Render non-watery by cooking them a bit before putting them on the pizza or what?
Yeah, or else eliminate most of the water from them. I'm thinking the only watery veggies you might want to put on pizza are raw tomatoes. In that case, you'd want to use tomatoes that are fairly meaty in the first place, or drain the water from them (in a strainer) for a while.
You cook pizza fairly quickly on high heat, so other watery veggies, like, say, squash (yellow or green), isn't going to have enough time to become wet.
how about beets? A beet pizza? Or radishes?
Those are the things I want to try.
People swear by Peter Reinhardt's dough, but it didn't work for me (I probably underworked it. Or maybe the yeast was dead. I'm not that good at bread). The only recipe I've had consistent success with is the one from the Cheese Board cookbook.
I recently bought a peel and I can't tell you how much easier it makes getting the pizza in and out of the oven. Trying to slip it off the back of a sheet pan == not recommended.
buy some unglazed tiles...
We've tried this several times over the years and could never find the appropriate tiles. Last year we bought 8 or 10 bricks instead, which are a PITA when they get dirty. Which department would this be at the home supply store?
That Times article seems right to me. I have some Artisan Bread in Five Minutes inspired dough in the fridge right now (made with some elaborations because I can't help myself from bread geekery). It's about a week and a half into its sitting in the fridge period and I'm sure it would make great pizza.
I found them at Home Depot, among the tiles. I may have asked someone for "unglazed floor tiles". Also, I clean them via my oven's self-clean cycle.
Stop the thread! I have the answer:
Pizza dough
How to cook it. Need a cast iron skillet and a good potholder. Ignore the part about using the self-cleaning cycle to get to 800 degrees- you preheat the iron pan on high flame to get it hot enough, then invert it in a 500 degree oven and you have a good approximation of a pizza oven.
how about beets? A beet pizza? Or radishes?
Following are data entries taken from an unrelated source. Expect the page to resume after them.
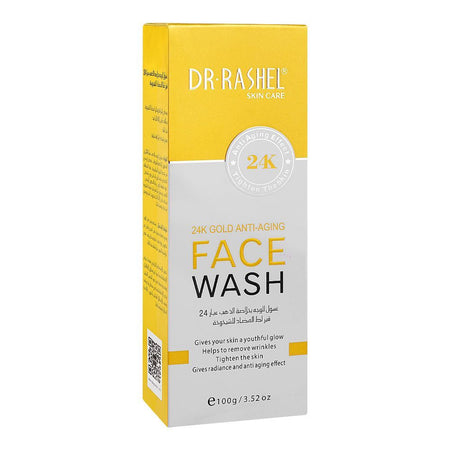 Dr. Rashel 24K Gold Anti-Aging Face Wash, For All Skin Types, 100g - Image 3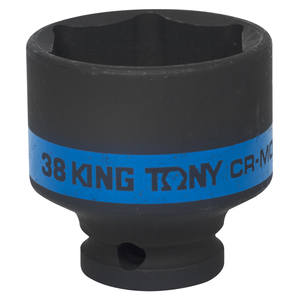 Головка торцевая ударная шестигранная 1/2", 38 мм KING TONY 453538M, фото 1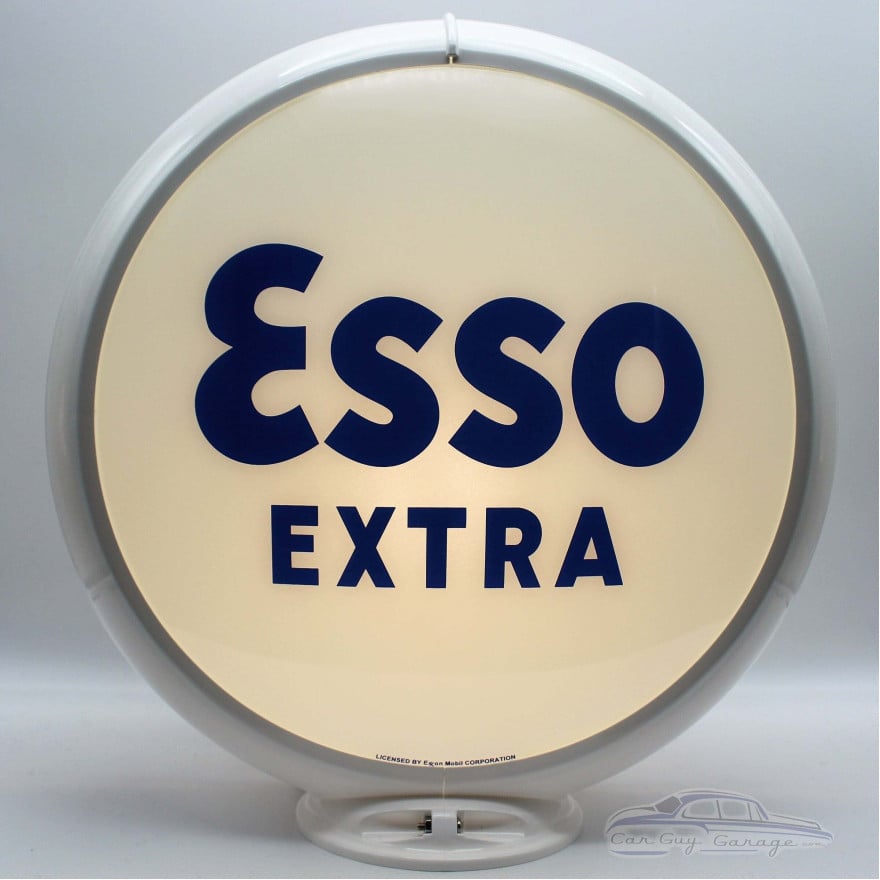 Esso Extra Glass Gas Pump Globe Lamp - 16.5" x 18.75" x 8"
I was about to ask you what you wanted to try.
I'd say ixnay on the radishes. Depends on whether what you're making is something normal people would call "pizza". Radishes? Surely you can find something else groovy to do with them.
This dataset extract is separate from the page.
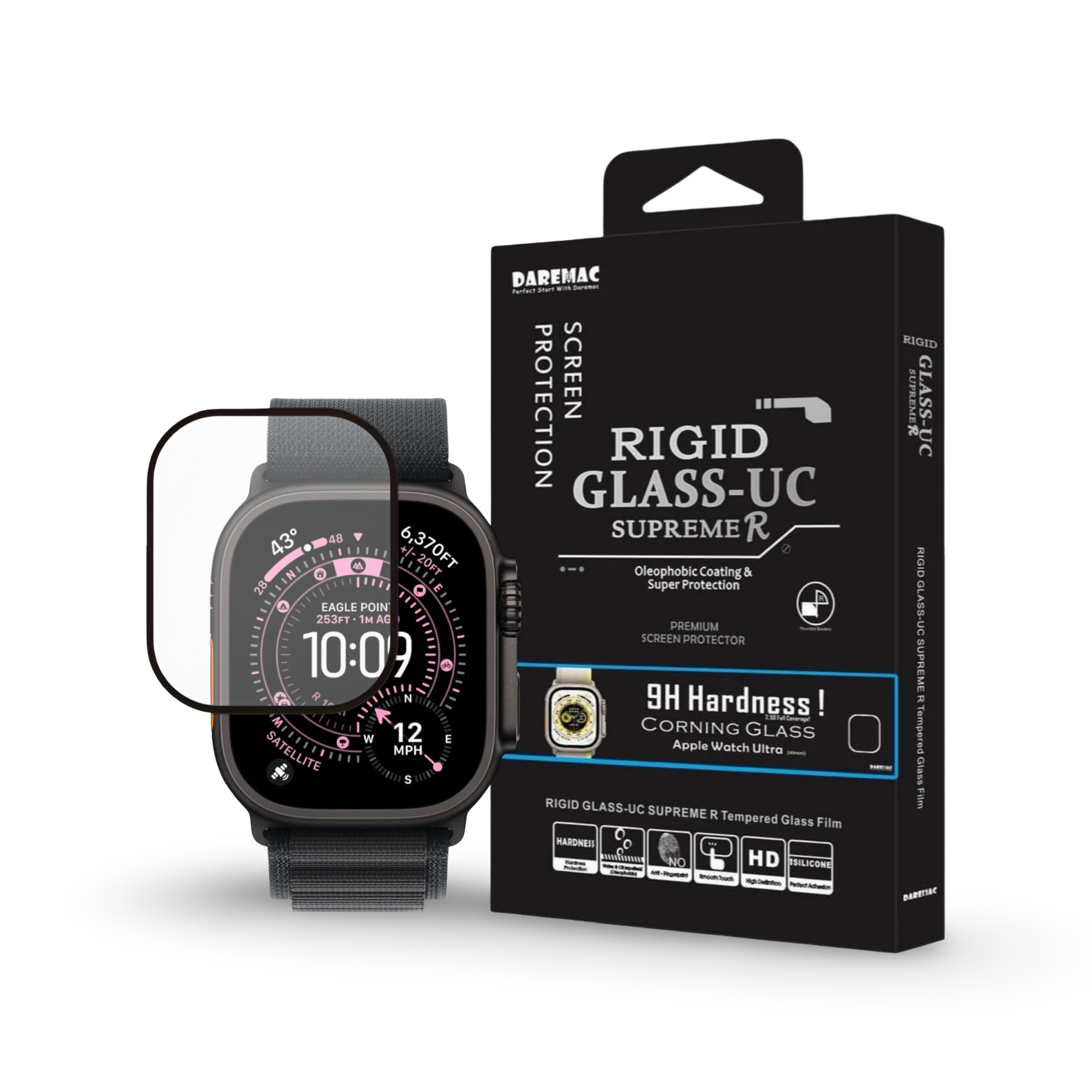 Daremac Apple Watch Ultra 1/2/3 康寧玻璃保護貼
I'm not big on beets, myself. I could see roasted beets -- if they're not downright soggy but kind of crisped up on the outside -- then the cooled rounds diced, onto pizza. Sure. I'd put some sprinkled goat cheese on that. Sounds quite plausible. Something green on there as well, some kind of robust greens. I'm not very well versed in beets.
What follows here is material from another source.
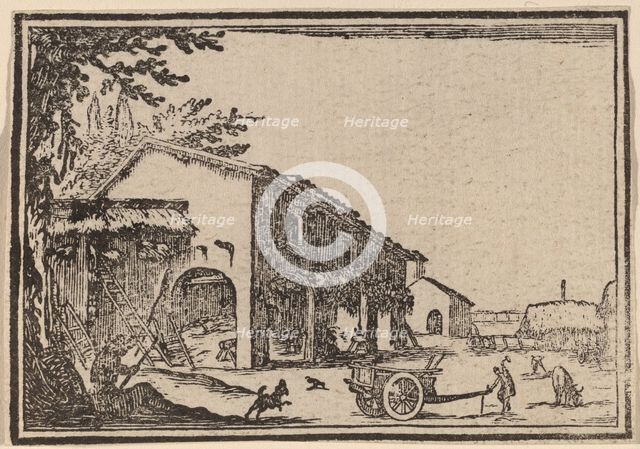 Courtyard of a Farm, 1621. Creator: Edouard Eckman.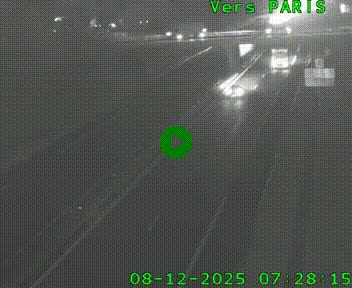 <h2>Caméra routière sur l'autoroute A20 au nord de Limoges, à la jonction avec la N520. Vue orientée vers Paris</h2>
Heaven forfend you'd make something that would surprise the normals.
Do any of the recipes include the line: "Flour: pour"?
Oddly "flour" doesn't show up in The Chaos.
Also, for some reason Americans don't spell it "flor".
If I had to rank them, I'd say that there are more ways we don't spell 'flour' than there are that we do.
Hierarchist. I would just count them.
Ways we spell 'flour': one.
Okay, you do the other category.
Ways we don't: more than one. I'm done.
59: I'm just having trouble seeing a way to put radishes on pizza that doesn't wind up being a salad on top of pizza dough. Which is fine, and a pretty attractive idea, actually, but a lot of people might find it strange. I'm drawing a blank on other ways to put radishes on pizza, but I've never cooked radishes, so.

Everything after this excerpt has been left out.